In securing the passage of the Insolvency Act and the Company Directors Disqualification Act, the Government gave a statutory form to their commitment to ensure that those who abuse the privilege of limited liability—through wrongful trading—can be made personally liable, or can be prevented from enjoying that privilege for a set period by being disqualified. That power is used extensively and more than 3,000 individuals who have been disqualified bear witness to that. However, in all cases there was sufficient evidence to show that they should be disqualified, which was not so in this case.

The protection of pensioners is crucial. Since the Maxwell and Belling cases, the Government have secured the passage of the Pensions Act 1995, which should ensure that all pension schemes are properly run in the interests of their members, and that if a fraud such as that perpetrated in the Belling case occurs the scheme will receive compensation. Therefore, the Government have acted on behalf of pensioners as a result of the Maxwell and other cases. Action can be taken against trustees and directors only if they prove to be seriously negligent or fraudulent, which was not possible in the Belling case. It was open to the liquidators or the pensioners to take action if they felt that they had a strong enough case.
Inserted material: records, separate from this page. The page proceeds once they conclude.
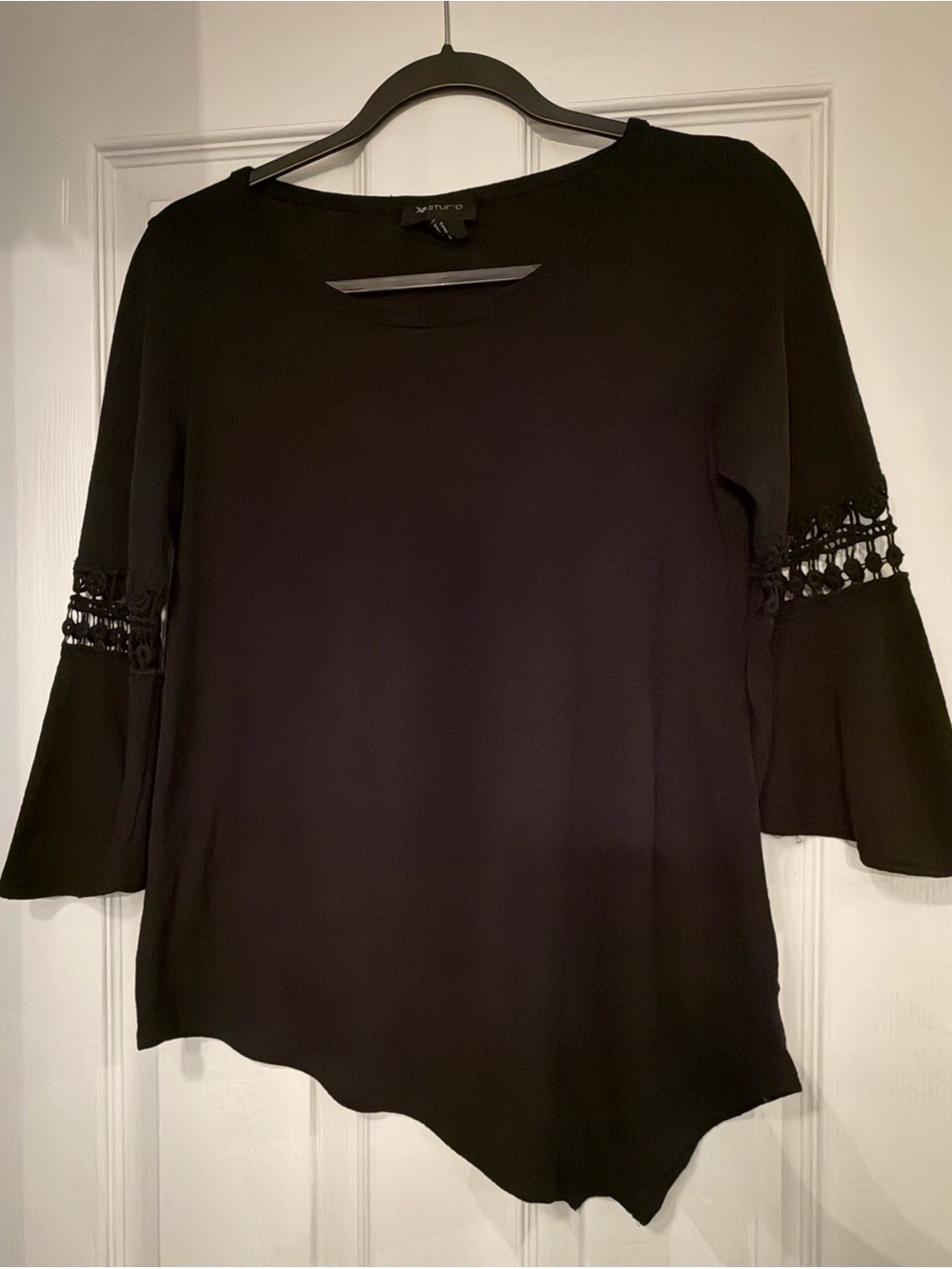 AB Studio Black Bell-Sleeve Blouse with Crochet Trim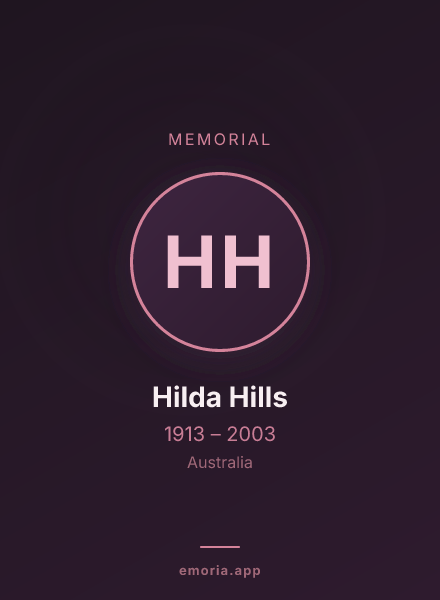 Memorial portrait of Hilda Hills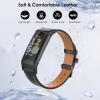 TiMOVO Leather Band Compatible with Fitbit Charge 6/Fitbit Charge 5 Watch Bands, Top Grain Genuine Classic Leather Replacement Wristbands Straps for Women Men, Black(Black)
The real villains of this piece, Mr. Deacon and Mr. Fuller, have been appropriately dealt with and the efforts of the trustees in recovering money for the pension fund have brought about a significant improvement in the financial position. I do not see what further action my Department could take at the moment to improve the position of the pensioners on whose behalf the hon. Member for Burnley and my hon. Friend the Member for Edmonton have argued so eloquently in the House and at meetings in the Department.

It seems that the effects on the Belling pensioners will not be as severe as was first thought and that they will all receive, at the very least, the minimum guaranteed amount, and, in most cases, an amount in excess of that. I take this opportunity to wish the trustees well in their efforts to restore the fund to as near a solvent position as possible.

It being two minutes to Two o'clock, the motion for the Adjournment of the House lapsed, without Question put.

Sitting suspended, pursuant to Standing Order No. 10 (Wednesday sittings), till half-past Two o'clock.